Anatrella has written against homosexuality in vicious terms, suggesting previously that gay people were “narcissists” and responsible for the clergy sexual abuse crisis. In at least one of the allegations, it is claimed that the priest told the client that sexual acts would cure the client of his gay identity.The Vatican has consulted Anatrella on sexuality matters, too, including the development of 2005’s guidelines to bar gay men from the priesthood. At a training for new bishops, the priest recently commented that the prelates need not report sexual abuse even if civil law mandates it.
Msgr. Anatrella remains a priest in good standing though, but, as the NCR article makes clear, the questions about his future and the potential cover up by French prelates of his abuse are mounting.
In considering the cases of these two priests, there is a broad set of issues involved with many nuances in each. In this post, we will focus on how church officials handle the issue of homosexuality and bisexuality in the priesthood.
John O’Doherty of the Rainbow Project, an LGBT health organization in Northern Ireland, told Irish News that Fr. Coyle’s case is not unique because “invisibility and isolation” remain the largest issues affecting LGBT people in a country where the leading churches remain non-affirming. This statement is likely true for many regions in the world, and this invisibility and isolation is intensely true for clergy and religious.
If invisibility and isolation were part of Coyle’s life, they could very well have contributed to his decision to use a gay dating app. It’s important to at least ponder the idea that had he been able to acknowledge and share information about his orientation with parishioners and superiors, he might not have felt the need to put his vow of celibacy on the line. Further, if seminary and formation training had allowed him to affirm his sexuality and explore whether he was ready to commit to celibacy as a gay man, he might never have had to seek to explore relationships in a surreptitious way.
The celibacy question aside, the closet remains prominent and oppressive in the priesthood. The climate of fear surrounding homosexuality in the hierarchy of the church promotes secrecy and shame, instead of openness and acceptance. It is important to note though, that while church leaders promote a closeted existence, the faithful are much more likely to support their gay priests, as they did in Coyle’s case.
Meanwhile, priests who sexually abuse children and adults of all genders, as Msgr.
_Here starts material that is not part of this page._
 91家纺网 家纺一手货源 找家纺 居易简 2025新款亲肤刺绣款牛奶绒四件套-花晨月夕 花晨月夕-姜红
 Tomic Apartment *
Anatrella is alleged to have done, remain in ministry. The saddest part is that Anatrella repeatedly scapegoated gay men for the pedophilia crisis, without any justification. If the allegations are proven true, then it will be one more case which shows the bizarre behavior that some closeted leaders will go to because of their own self-denigration and fear of being known. Targeting faithful gay priests beloved by their communities has only allowed real abusers to continue abusing and to have their crimes protected.
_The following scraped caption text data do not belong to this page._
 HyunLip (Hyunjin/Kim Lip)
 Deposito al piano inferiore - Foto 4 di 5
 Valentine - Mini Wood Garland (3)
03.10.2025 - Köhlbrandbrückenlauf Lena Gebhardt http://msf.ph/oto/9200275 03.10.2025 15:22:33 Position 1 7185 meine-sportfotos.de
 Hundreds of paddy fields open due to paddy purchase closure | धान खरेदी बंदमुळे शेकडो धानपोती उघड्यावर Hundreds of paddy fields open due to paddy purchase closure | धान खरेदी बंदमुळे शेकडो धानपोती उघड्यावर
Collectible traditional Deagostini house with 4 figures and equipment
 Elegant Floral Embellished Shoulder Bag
Despite the fact that by most accepted estimates 50% or more of Catholic priests are gay, only a few are openly so in their ministries. This is a deep loss not only for the the priests involved, but for the people of God. The outcomes in these two cases contrast painfully to illuminate the desperate need for a reality check by Catholic leaders and institutions when it comes to their treatment of sexuality in ministry, particularly on LGBT issues.